DIRECTIONS: Copy the lines exactly as they appear, starting with the first line of the records and ending with the line that contains "Read Trace Remaster".

===== SUPPLIED RECORDS =====

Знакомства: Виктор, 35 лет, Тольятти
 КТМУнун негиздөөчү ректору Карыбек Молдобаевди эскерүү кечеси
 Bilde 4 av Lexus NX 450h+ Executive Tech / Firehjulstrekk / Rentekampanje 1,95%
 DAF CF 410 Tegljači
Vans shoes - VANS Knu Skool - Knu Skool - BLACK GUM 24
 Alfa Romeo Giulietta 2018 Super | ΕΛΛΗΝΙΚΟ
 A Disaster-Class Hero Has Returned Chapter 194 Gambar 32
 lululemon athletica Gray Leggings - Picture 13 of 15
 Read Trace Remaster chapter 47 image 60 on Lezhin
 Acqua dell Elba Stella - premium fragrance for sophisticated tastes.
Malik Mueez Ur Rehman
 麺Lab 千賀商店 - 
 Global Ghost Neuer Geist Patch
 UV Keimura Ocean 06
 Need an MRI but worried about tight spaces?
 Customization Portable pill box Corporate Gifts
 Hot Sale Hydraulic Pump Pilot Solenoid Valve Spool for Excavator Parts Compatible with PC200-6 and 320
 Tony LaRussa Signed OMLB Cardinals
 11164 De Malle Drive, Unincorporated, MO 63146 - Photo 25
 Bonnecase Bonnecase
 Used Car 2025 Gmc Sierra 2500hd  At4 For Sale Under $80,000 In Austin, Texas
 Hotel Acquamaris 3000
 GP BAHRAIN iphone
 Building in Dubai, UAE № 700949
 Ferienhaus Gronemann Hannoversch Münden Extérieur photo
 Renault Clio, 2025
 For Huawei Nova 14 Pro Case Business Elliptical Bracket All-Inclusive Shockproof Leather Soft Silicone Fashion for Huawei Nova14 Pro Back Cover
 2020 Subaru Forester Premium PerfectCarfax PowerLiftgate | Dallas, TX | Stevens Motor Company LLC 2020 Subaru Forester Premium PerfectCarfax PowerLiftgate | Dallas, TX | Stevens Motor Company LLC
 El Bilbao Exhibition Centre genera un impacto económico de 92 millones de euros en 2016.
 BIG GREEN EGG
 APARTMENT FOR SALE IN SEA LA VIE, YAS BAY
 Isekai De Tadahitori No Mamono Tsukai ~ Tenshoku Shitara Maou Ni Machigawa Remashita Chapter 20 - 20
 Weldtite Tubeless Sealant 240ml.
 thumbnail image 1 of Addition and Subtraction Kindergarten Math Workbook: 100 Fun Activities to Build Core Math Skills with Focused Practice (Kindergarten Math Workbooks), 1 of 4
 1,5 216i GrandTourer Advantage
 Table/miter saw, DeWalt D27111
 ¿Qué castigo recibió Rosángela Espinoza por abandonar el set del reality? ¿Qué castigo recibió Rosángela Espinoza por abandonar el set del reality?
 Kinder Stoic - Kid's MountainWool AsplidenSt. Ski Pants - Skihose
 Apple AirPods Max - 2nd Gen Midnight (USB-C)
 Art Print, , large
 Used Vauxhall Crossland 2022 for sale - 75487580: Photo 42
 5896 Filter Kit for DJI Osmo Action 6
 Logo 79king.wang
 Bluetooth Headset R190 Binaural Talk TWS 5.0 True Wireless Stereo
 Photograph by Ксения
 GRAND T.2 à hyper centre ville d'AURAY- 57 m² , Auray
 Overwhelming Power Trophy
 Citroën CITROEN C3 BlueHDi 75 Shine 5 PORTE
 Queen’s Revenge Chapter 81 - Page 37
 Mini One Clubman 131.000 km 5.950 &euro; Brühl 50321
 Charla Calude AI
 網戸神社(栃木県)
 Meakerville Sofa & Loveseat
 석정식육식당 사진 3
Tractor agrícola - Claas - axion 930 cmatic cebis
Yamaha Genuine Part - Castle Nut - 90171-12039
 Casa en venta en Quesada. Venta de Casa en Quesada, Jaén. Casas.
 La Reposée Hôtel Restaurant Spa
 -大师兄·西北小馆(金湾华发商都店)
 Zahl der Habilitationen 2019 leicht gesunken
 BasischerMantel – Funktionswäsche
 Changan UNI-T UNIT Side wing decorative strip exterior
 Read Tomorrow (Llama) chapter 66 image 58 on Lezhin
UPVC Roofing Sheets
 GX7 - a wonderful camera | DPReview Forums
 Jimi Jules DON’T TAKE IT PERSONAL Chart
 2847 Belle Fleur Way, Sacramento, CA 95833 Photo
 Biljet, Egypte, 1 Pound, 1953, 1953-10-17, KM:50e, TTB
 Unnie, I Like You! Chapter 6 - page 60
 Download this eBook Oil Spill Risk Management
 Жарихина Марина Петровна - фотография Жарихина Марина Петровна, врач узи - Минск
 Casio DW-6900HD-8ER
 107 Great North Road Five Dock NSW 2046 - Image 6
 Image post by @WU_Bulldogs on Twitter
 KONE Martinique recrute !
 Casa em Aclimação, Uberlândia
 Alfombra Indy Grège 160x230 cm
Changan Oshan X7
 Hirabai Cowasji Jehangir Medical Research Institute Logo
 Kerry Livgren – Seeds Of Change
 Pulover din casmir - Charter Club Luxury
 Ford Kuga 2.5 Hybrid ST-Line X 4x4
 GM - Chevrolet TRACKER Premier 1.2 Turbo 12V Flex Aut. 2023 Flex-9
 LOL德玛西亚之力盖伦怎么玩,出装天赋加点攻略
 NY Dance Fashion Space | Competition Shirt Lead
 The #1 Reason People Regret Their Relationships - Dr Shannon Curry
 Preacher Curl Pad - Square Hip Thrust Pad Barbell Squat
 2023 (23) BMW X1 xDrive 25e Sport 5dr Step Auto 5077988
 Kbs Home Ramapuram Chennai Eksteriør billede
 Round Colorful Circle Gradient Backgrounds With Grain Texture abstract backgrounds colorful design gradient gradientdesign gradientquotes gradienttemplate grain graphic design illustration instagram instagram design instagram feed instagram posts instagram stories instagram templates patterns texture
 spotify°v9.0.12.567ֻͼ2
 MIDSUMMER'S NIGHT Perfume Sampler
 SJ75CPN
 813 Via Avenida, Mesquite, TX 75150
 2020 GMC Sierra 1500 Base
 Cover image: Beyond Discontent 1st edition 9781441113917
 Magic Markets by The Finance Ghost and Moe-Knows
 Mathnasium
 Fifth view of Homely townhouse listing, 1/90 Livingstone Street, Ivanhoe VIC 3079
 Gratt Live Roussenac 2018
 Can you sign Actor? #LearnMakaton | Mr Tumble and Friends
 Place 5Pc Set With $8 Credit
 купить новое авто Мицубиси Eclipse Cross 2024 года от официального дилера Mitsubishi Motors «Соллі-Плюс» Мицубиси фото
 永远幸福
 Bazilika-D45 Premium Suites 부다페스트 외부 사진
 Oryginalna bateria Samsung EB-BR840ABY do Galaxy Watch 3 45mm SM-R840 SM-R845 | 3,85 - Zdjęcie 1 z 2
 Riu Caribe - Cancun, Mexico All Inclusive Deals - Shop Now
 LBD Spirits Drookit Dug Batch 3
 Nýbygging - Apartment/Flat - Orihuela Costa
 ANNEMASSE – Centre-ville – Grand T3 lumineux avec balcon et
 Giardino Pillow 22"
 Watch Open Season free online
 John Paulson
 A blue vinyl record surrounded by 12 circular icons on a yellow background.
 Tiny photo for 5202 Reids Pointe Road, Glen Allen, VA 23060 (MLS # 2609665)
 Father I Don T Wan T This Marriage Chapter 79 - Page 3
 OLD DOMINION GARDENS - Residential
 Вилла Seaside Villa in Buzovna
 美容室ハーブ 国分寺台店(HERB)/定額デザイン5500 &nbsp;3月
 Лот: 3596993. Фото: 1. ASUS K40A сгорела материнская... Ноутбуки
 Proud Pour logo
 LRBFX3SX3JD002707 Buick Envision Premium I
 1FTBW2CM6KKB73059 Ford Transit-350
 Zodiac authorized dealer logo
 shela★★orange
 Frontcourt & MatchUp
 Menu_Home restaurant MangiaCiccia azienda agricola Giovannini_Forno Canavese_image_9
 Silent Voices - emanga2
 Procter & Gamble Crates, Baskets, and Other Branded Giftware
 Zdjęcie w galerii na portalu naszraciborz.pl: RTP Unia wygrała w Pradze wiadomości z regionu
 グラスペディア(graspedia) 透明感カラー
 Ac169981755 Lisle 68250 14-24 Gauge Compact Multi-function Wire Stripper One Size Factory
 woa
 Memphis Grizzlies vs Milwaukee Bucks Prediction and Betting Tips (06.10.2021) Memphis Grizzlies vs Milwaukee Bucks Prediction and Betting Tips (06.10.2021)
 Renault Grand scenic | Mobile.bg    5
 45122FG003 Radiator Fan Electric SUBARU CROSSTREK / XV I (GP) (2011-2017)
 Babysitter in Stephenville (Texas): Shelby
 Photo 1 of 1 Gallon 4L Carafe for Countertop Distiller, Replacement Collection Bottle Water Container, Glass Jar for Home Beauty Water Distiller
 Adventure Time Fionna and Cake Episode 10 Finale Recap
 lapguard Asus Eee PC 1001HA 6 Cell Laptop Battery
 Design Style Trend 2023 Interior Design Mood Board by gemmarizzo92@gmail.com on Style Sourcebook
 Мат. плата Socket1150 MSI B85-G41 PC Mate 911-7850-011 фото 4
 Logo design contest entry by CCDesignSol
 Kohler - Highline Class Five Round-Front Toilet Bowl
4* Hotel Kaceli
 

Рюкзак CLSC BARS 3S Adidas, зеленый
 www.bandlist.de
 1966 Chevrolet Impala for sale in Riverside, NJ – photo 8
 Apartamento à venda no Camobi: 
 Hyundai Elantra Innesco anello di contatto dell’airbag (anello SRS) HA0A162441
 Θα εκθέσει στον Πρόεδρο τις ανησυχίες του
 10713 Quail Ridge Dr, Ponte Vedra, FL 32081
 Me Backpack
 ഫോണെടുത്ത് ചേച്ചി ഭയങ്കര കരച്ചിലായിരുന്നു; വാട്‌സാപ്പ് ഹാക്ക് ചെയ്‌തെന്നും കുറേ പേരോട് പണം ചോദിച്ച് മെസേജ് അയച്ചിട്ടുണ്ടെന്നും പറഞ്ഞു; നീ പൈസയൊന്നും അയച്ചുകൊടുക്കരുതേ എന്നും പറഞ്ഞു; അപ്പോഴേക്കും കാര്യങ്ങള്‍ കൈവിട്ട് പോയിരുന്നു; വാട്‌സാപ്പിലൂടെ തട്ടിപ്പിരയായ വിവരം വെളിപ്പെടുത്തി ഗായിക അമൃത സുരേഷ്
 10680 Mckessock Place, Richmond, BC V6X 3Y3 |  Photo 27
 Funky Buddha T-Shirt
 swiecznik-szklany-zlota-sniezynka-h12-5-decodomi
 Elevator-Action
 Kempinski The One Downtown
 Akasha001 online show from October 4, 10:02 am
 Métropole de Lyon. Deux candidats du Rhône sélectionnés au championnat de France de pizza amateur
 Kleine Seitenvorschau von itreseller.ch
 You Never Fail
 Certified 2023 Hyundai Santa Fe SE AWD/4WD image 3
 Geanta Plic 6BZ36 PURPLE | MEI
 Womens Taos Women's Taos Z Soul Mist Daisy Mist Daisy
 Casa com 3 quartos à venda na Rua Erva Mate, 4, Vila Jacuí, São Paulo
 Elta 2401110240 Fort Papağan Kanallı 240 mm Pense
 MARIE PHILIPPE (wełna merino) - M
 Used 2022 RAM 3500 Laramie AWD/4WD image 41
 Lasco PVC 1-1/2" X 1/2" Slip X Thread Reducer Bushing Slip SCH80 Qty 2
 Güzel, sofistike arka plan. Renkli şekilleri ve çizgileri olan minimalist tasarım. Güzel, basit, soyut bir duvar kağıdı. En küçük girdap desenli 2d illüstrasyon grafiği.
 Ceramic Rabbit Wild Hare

=====

ANSWER TO THIS TASK:
Знакомства: Виктор, 35 лет, Тольятти
 КТМУнун негиздөөчү ректору Карыбек Молдобаевди эскерүү кечеси
 Bilde 4 av Lexus NX 450h+ Executive Tech / Firehjulstrekk / Rentekampanje 1,95%
 DAF CF 410 Tegljači
Vans shoes - VANS Knu Skool - Knu Skool - BLACK GUM 24
 Alfa Romeo Giulietta 2018 Super | ΕΛΛΗΝΙΚΟ
 A Disaster-Class Hero Has Returned Chapter 194 Gambar 32
 lululemon athletica Gray Leggings - Picture 13 of 15
 Read Trace Remaster chapter 47 image 60 on Lezhin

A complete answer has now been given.